- [WHAT YOU NEED TO DO] Read the records and gather each line that includes "Style".

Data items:

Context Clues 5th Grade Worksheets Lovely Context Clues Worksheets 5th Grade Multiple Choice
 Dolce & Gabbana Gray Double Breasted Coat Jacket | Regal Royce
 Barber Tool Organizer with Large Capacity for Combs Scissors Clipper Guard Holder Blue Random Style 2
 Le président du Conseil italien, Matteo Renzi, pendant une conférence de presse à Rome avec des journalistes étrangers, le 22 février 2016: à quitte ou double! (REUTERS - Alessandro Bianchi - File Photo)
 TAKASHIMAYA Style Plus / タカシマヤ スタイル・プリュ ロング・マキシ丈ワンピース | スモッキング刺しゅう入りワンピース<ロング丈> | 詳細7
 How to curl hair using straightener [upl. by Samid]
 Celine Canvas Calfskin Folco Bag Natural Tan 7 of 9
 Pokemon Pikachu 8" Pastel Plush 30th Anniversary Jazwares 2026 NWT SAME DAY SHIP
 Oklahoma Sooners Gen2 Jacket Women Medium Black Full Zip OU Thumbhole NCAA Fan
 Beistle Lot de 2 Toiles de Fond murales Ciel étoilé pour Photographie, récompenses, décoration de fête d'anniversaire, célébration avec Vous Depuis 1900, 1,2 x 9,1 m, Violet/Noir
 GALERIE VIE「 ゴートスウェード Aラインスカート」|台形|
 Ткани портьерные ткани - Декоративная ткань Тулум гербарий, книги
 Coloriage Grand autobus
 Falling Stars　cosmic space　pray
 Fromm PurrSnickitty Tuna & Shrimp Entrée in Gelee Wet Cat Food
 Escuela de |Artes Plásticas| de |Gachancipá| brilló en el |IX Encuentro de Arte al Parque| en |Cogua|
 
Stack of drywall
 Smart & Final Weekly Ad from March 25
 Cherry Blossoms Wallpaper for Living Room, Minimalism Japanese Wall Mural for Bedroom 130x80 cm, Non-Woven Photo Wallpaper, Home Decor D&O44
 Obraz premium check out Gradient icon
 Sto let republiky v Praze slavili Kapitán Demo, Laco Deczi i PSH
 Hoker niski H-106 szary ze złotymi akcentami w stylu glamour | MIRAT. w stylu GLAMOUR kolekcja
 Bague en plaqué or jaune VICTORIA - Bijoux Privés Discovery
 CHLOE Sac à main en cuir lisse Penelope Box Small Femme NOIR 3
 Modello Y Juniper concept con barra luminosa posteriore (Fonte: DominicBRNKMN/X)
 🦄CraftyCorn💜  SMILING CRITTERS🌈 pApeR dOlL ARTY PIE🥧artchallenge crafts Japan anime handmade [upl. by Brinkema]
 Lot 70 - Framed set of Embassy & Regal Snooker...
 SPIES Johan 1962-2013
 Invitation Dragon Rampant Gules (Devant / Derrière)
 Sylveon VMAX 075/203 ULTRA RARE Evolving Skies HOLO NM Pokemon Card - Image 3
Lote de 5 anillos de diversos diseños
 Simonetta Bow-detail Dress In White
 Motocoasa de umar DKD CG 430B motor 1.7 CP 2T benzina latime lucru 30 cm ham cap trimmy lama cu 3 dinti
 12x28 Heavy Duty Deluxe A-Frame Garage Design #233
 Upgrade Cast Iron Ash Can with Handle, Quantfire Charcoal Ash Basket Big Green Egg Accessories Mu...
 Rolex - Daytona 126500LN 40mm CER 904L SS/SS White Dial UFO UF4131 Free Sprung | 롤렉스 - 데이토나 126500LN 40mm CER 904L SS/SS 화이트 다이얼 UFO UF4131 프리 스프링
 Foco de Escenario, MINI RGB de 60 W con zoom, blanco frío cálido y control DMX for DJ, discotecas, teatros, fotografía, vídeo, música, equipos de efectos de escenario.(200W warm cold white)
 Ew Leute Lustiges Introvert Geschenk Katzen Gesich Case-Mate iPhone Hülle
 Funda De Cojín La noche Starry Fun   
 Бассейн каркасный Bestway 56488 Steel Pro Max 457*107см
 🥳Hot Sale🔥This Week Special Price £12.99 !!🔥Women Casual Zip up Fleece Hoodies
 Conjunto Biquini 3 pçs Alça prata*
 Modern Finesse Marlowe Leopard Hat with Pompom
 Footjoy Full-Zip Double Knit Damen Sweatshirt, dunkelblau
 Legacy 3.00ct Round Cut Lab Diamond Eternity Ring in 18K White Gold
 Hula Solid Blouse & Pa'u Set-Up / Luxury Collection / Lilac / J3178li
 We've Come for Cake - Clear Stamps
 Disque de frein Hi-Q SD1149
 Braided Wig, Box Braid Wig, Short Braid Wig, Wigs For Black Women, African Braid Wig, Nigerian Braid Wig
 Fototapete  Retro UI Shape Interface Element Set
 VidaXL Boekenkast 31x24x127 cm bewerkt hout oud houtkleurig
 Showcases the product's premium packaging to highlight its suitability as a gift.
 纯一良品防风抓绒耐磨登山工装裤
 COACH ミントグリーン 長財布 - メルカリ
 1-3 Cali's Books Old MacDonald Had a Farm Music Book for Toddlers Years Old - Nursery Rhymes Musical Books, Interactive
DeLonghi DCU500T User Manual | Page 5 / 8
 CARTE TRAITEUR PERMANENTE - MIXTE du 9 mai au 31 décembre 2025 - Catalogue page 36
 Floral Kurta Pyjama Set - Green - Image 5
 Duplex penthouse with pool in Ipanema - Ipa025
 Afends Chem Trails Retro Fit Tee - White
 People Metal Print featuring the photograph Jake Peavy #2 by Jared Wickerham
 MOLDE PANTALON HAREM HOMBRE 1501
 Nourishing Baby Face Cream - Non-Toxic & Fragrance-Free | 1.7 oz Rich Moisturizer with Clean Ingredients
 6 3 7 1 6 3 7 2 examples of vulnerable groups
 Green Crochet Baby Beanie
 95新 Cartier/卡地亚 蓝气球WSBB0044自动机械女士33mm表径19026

- [WRITTEN RESPONSE]
 Barber Tool Organizer with Large Capacity for Combs Scissors Clipper Guard Holder Blue Random Style 2
 TAKASHIMAYA Style Plus / タカシマヤ スタイル・プリュ ロング・マキシ丈ワンピース | スモッキング刺しゅう入りワンピース<ロング丈> | 詳細7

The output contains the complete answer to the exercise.